Below are the records to transcribe exactly; do not include any images.

Collected data
+ + + + +

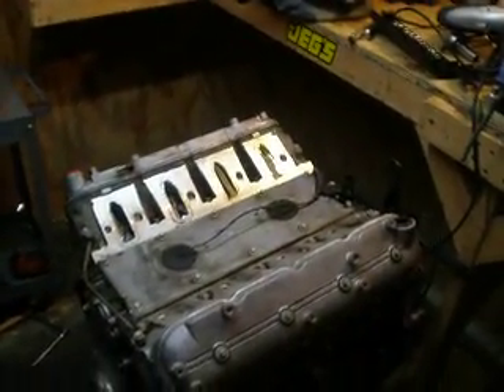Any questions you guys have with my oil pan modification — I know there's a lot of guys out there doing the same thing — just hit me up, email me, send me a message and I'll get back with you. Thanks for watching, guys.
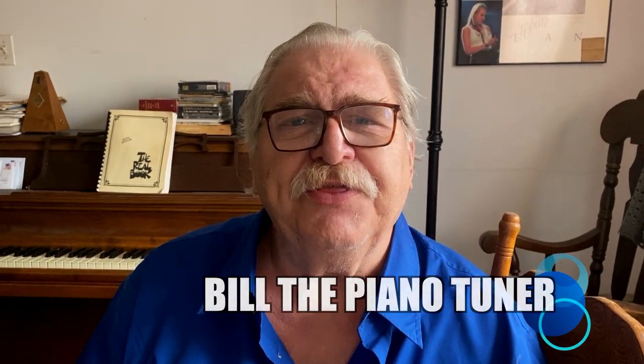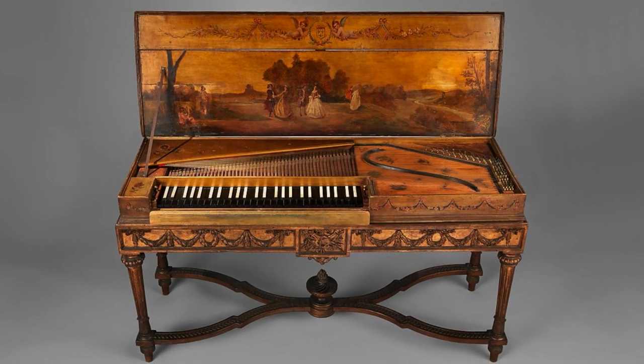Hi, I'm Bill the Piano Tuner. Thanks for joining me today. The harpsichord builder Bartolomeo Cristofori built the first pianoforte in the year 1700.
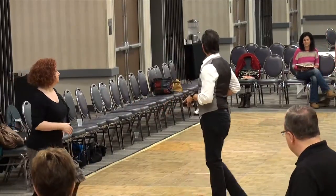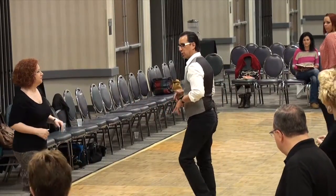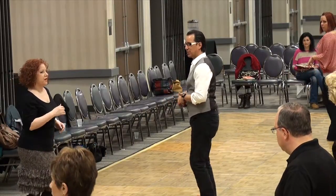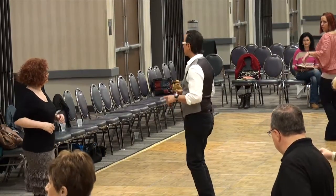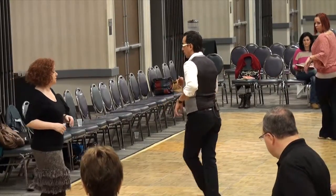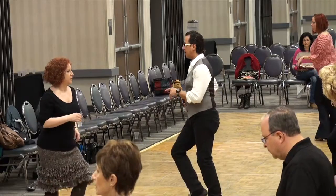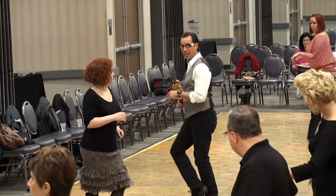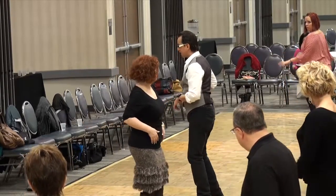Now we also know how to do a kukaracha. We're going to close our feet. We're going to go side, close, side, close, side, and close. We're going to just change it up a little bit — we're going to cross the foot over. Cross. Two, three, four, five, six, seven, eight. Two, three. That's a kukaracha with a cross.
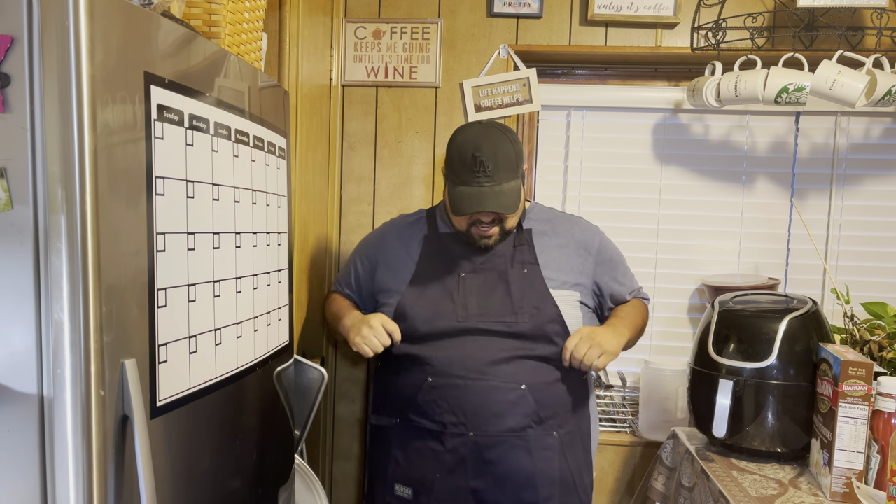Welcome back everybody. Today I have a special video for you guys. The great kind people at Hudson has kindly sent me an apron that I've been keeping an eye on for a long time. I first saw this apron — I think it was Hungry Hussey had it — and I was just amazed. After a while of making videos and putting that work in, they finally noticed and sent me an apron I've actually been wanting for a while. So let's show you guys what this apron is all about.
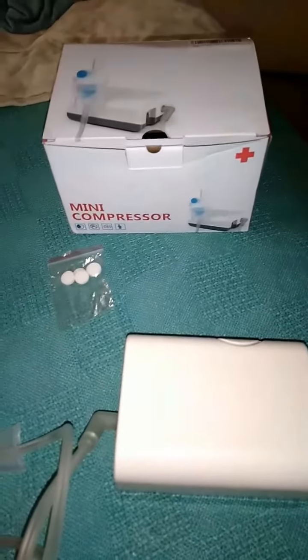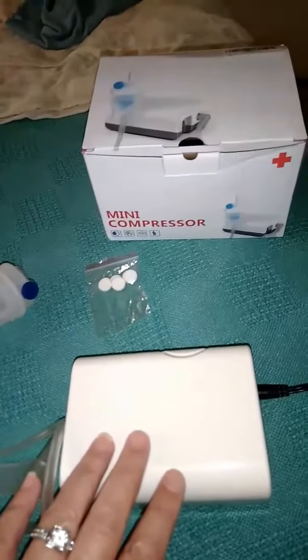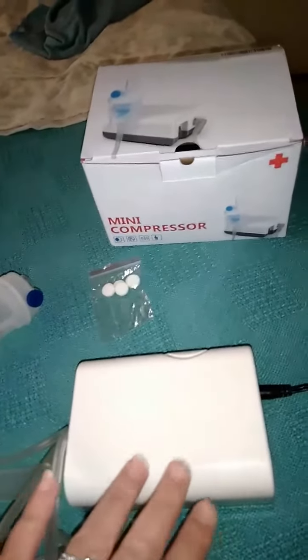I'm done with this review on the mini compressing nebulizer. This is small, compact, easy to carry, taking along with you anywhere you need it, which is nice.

+ + + + +

▶ **Exercise response**
Any questions you guys have with my oil pan modification — I know there's a lot of guys out there doing the same thing — just hit me up, email me, send me a message and I'll get back with you. Thanks for watching, guys.
Hi, I'm Bill the Piano Tuner. Thanks for joining me today. The harpsichord builder Bartolomeo Cristofori built the first pianoforte in the year 1700.
Now we also know how to do a kukaracha. We're going to close our feet. We're going to go side, close, side, close, side, and close. We're going to just change it up a little bit — we're going to cross the foot over. Cross. Two, three, four, five, six, seven, eight. Two, three. That's a kukaracha with a cross.
Welcome back everybody. Today I have a special video for you guys. The great kind people at Hudson has kindly sent me an apron that I've been keeping an eye on for a long time. I first saw this apron — I think it was Hungry Hussey had it — and I was just amazed. After a while of making videos and putting that work in, they finally noticed and sent me an apron I've actually been wanting for a while. So let's show you guys what this apron is all about.
I'm done with this review on the mini compressing nebulizer. This is small, compact, easy to carry, taking along with you anywhere you need it, which is nice.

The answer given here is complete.